Do you mind reflowing all of this to use early return so that there are less braces and indentation?

dlj updated this revision to Diff 87922.Feb 9 2017, 5:13 PM
  • Add comments for unhandled errors that will assert-fail, and augment error handling in LinePrinter.
  • Added compileKnownGood, plus examples of llvm_unreachable approach.
  • Minor style fixes.
dlj updated this revision to Diff 87923.Feb 9 2017, 5:15 PM
  • Style nits.
dlj marked an inline comment as done.Feb 9 2017, 5:15 PM
dlj added inline comments.
lib/IR/DiagnosticInfo.cpp
45–54

Better?

chandlerc added inline comments.Feb 9 2017, 5:31 PM
include/llvm/Support/YAMLTraits.h
437–438

I would just re-use compileKnownValid everywhere instead of having to inline the llvm_unreachable.
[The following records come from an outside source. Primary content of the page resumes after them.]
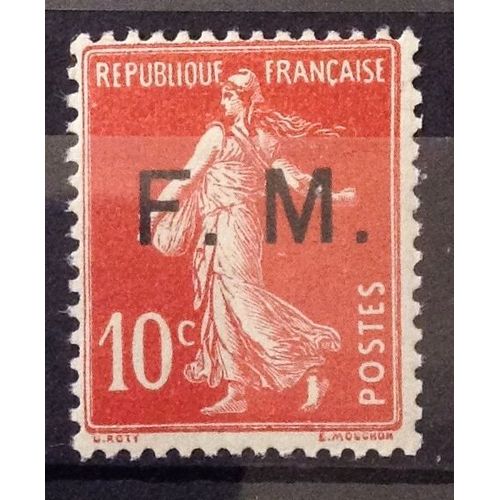 Fm Semeuse 10c Rouge (Superbe N° 5) Neuf* - France Année 1906 - N21659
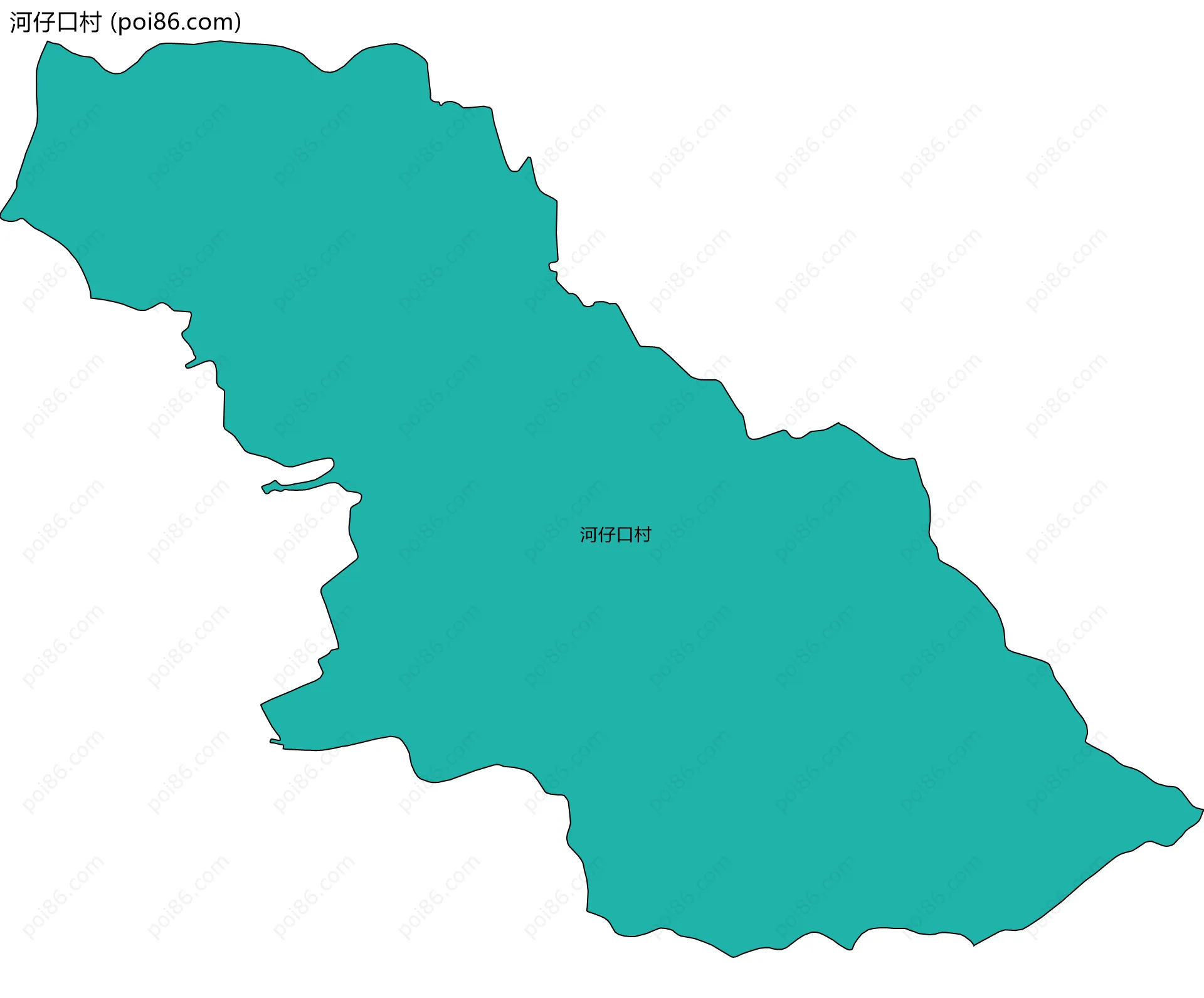 河仔口村边界地图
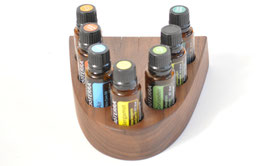 Walnussholz Design Display Doterra für 7 ätherische Öle 15 ml Fl. Nr.18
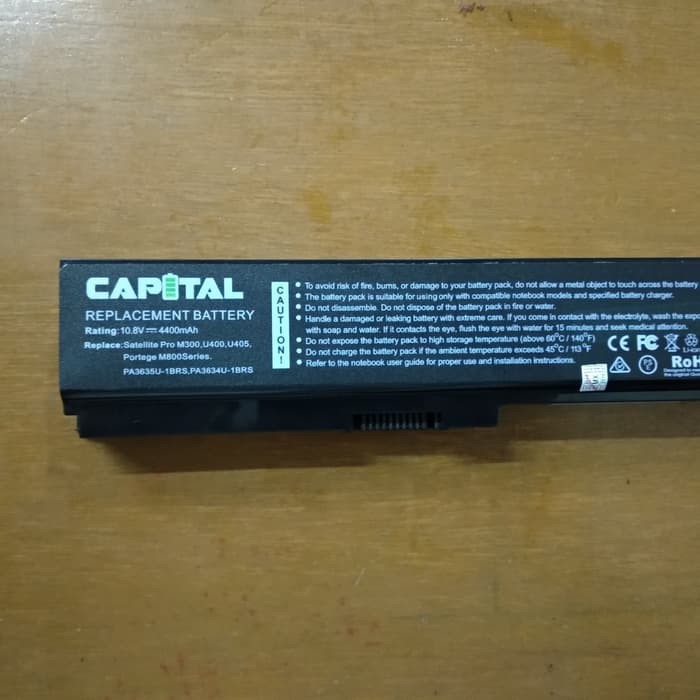Baterai Laptop Toshiba - Laptop Toshiba Satelit L510 L310 PA3634 Original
Haven't made it all the way through, but I think it would be helpful to apply some of the comments so far across all the changes here.

lib/Passes/PassBuilder.cpp
140–142

Is it important to use ExitOnError here? I'm thinkign something like compileKnownValid might be more appropriate.

lib/Support/SpecialCaseList.cpp
127–130

This isn't used any more. I think you can simplify the code a lot by just getting the error, and inverting the condition below.

157

This also seems like it could be compileKnownValid, as you have validated them above.

lib/Target/AArch64/Utils/AArch64BaseInfo.cpp
91–94

compileKnownValid again?

tools/llvm-cov/CodeCoverage.cpp
617–620

I still would prefer early error exiting here so:

auto RegexOrError = ...
if (!RegexORError) {
  ...
  return ...;
}
...
tools/llvm-pdbdump/LinePrinter.h
46–52

Use continue on error to reduce non-error indentation?